Una psicóloga nos hizo ver el error tremendo que habíamos cometido. Y la solución consistió en cambiar de nido y enfocarnos en actividades grupales. De ese modo, el año pasado la trasladamos a un nido estatal en pos de gentío y espacios libres. El cambio fue notorio. Dejó de regresar con el uniforme limpio, y en cambio llegaba sucia, sudorosa, cansada, llena de anécdotas para contar y, a veces, con un moretón producto de sus juegos y correrías; le perdió miedo al columpio y a la resbaladera. Las pasadas vacaciones ha hecho cursos de marinera y natación.
Por todo lo dicho, con Julito hemos seguido el consejo de la psicóloga, y él no asiste a ningún lugar. Sin embargo, ya casi con dos años encima y más travieso que zorro en gallinero, hemos pensado que podría asistir a algunas clases breves para niños de su edad. Debido a ello, un nido muy lindo nos había invitado a una clase de demostración para que experimentemos sus métodos. Todo fue muy bien hasta que....
Aquí viene la anécdota.

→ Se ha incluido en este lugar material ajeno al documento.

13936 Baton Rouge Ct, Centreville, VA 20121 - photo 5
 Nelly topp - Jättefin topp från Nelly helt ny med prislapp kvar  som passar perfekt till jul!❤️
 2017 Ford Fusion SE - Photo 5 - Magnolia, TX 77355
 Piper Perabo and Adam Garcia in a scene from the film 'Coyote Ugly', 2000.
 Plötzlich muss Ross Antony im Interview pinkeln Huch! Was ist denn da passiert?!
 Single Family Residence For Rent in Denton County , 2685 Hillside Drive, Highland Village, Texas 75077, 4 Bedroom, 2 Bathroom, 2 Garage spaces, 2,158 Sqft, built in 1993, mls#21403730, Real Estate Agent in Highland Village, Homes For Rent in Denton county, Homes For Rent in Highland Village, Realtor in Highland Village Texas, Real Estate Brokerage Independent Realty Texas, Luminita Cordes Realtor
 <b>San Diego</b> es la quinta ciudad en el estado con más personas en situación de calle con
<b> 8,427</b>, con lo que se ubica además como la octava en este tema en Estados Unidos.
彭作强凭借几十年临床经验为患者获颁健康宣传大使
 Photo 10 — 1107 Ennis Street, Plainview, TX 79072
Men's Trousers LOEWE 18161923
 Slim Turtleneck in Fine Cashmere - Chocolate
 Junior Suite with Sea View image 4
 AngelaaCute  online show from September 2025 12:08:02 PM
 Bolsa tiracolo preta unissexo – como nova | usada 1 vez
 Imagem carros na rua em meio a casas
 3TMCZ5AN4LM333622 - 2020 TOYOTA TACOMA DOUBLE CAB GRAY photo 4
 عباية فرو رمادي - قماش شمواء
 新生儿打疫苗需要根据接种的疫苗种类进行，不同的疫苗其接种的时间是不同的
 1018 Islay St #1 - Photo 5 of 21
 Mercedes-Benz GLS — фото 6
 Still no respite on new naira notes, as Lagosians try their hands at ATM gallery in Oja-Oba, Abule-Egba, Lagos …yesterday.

En medio de una canción en la cual cada niño debía responder a su nombre, Julito fue no contestó. Repitieron la estrofa para él y nada, para vergüenza de su mamá.
- ¿No sabe su nombre? -preguntó la profesora-. ¿Cómo le dicen en casa, señora?
- Le decimos Julito-. La verdad, es que hasta ese momento no habíamos reparado en ello, y le decíamos, en efecto, Julito. Pero también Papaíto, Pachi, Papo y Papayo; y Valentina tendría que agregar Ñaño.
Desde entonces hemos restringido el uso de los diminutivos y sobrenombres de cariño, para pasar a decirle Julio César. Sólo que el cariño se transmite también por la forma cariñosa de llamarlo y ahora decirle Julio César a secas se me hace algo impersonal. Pero no importa. Después de todo es un lindo nombre.
Tu nombre es Julio César, hijo. Julio César. Como tu padre, como tu abuelo, como mi abuelo.